KOSZYKÓWKA:WAŻNEZIELONA GÓRA:

Pierniki nie do ugryzienia [WIDEO]

Druga porażka Zastalu w Orlen Basket Lidze. Zielonogórzanie przegrali z Arriva Polskim Cukrem Toruń 68:79.

Wydarzeniem czwartkowego meczu był powrót do zielonogórskiego zespołu po ponad pięciu latach Filipa Matczaka. Wychowanek Zastalu zagrał niemal z marszu ponad 21 minut, rzucił 13 pkt., miał też 2 zbiórki i 3 asysty, będąc jednym z najlepszych na boisku w zespole zielonogórzan.

Marne to jednak pocieszenie, gdy zespół spisuje się tak słabo. Zastal raził nieskutecznością, fatalną obroną. Goście zupełnie zdominowali walkę na tablicach. Do przerwy torunianie prowadzili 48:30. Na początku trzeciej kwarty strata zielonogórzan sięgnęła 20 punktów.
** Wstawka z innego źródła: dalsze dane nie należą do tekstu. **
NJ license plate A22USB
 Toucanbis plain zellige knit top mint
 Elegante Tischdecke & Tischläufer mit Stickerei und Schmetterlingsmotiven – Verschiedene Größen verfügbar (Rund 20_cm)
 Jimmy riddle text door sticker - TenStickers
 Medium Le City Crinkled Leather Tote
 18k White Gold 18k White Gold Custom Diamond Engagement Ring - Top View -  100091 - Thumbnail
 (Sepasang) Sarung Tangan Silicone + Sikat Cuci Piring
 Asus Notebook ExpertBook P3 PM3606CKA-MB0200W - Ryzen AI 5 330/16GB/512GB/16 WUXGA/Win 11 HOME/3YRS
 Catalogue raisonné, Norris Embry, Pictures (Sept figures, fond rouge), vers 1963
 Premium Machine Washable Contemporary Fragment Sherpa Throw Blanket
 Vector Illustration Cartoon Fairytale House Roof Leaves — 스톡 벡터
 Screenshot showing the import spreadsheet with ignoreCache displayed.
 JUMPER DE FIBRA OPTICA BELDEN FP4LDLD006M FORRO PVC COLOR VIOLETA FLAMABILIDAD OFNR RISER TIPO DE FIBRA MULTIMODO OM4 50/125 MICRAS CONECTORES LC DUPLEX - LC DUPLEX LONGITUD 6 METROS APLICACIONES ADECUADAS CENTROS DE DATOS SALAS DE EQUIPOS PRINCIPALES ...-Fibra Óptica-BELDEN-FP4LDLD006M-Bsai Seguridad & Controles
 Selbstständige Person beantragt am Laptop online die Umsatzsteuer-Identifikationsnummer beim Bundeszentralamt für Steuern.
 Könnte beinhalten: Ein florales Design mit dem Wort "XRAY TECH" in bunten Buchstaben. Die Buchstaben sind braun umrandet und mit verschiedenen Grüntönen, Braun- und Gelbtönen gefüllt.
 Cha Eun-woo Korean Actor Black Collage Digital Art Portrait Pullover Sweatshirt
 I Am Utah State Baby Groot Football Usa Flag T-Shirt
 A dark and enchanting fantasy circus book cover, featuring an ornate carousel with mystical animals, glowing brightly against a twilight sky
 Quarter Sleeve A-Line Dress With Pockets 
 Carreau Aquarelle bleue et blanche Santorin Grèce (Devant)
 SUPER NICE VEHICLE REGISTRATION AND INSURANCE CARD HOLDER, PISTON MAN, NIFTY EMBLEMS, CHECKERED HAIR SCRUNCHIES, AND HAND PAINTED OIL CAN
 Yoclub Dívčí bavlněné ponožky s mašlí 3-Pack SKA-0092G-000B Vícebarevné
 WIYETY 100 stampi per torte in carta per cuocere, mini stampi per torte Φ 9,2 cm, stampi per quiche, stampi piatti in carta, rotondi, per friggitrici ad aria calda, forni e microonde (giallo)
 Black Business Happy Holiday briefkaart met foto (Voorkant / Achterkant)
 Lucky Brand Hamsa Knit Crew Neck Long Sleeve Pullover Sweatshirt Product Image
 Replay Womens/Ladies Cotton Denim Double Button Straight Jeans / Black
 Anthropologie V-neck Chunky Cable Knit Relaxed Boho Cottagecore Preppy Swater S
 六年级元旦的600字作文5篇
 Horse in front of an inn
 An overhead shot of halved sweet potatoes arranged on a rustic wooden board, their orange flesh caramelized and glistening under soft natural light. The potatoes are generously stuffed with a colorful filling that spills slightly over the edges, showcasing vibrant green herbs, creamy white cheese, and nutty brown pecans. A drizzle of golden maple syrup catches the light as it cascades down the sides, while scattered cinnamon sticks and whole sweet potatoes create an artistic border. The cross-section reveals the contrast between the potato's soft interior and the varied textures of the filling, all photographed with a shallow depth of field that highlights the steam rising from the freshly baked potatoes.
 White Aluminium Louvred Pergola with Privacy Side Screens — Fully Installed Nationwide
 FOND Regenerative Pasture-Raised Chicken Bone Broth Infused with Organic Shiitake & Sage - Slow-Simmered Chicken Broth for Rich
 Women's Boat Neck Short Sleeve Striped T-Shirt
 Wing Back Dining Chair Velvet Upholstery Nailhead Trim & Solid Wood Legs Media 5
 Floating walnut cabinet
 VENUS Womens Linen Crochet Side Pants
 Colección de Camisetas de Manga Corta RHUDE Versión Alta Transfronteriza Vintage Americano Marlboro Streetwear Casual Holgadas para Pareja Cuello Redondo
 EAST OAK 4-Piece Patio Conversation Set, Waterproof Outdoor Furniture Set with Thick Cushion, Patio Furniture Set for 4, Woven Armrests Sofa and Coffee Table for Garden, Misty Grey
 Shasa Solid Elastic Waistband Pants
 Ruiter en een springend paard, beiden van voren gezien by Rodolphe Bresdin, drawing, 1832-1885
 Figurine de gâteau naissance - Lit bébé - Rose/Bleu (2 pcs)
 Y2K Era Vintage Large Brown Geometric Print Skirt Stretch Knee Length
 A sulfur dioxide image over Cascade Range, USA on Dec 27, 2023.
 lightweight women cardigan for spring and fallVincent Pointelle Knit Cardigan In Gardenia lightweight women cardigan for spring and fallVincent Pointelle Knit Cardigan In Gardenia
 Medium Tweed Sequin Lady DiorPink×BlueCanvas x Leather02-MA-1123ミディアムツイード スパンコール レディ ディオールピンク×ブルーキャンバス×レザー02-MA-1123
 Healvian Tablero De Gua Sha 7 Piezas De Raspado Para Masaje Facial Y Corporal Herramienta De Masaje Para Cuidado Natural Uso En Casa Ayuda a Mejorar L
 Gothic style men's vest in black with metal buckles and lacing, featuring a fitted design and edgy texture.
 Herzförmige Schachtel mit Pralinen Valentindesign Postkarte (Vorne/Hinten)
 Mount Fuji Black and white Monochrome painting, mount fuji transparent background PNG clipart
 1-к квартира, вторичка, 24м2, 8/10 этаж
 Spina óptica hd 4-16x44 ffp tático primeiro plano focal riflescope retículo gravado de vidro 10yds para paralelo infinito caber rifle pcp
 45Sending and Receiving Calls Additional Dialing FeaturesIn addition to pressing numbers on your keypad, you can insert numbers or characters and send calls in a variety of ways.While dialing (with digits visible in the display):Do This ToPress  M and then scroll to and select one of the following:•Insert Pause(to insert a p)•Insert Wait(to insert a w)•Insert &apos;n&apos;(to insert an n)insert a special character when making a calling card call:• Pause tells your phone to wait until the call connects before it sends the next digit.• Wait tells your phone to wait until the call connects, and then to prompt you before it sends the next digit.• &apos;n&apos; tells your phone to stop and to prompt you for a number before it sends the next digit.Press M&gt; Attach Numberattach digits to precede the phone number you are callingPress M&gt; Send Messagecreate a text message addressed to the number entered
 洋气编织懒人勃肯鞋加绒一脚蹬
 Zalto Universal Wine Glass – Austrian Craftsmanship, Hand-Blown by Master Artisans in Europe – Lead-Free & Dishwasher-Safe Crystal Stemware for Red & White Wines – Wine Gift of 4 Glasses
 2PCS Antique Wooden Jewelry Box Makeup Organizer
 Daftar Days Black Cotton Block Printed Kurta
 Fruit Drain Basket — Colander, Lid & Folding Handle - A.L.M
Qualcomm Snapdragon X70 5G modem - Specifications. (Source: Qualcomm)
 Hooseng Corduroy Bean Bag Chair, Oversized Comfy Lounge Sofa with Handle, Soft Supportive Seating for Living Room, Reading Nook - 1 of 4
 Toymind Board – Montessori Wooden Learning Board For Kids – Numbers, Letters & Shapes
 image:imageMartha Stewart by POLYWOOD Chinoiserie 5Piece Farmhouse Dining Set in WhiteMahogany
Zastal zaczął jednak agresywniej bronić i pod koniec trzeciej kwarty zniwelował połowę dystansu. Na początku czwartej kwarty po akcji Evaldasa Saulyša zbliżył sie na osiem “oczek’. Litwin niedługo później otrzymał faul techniczny z floppowanie, a że wcześniej miał już na koncie faul niesportowy musiał zakończyć spotkanie z dyskwalifikacją. Goście znów odjechali na dwucyfrowy dystans. Ze swoich ról wywiązali się w końcówce m.in. najlepsi w zespole z Torunia – Divine Myles i Mike Ertel – zdobywcy kolejno 19 i 18 pkt.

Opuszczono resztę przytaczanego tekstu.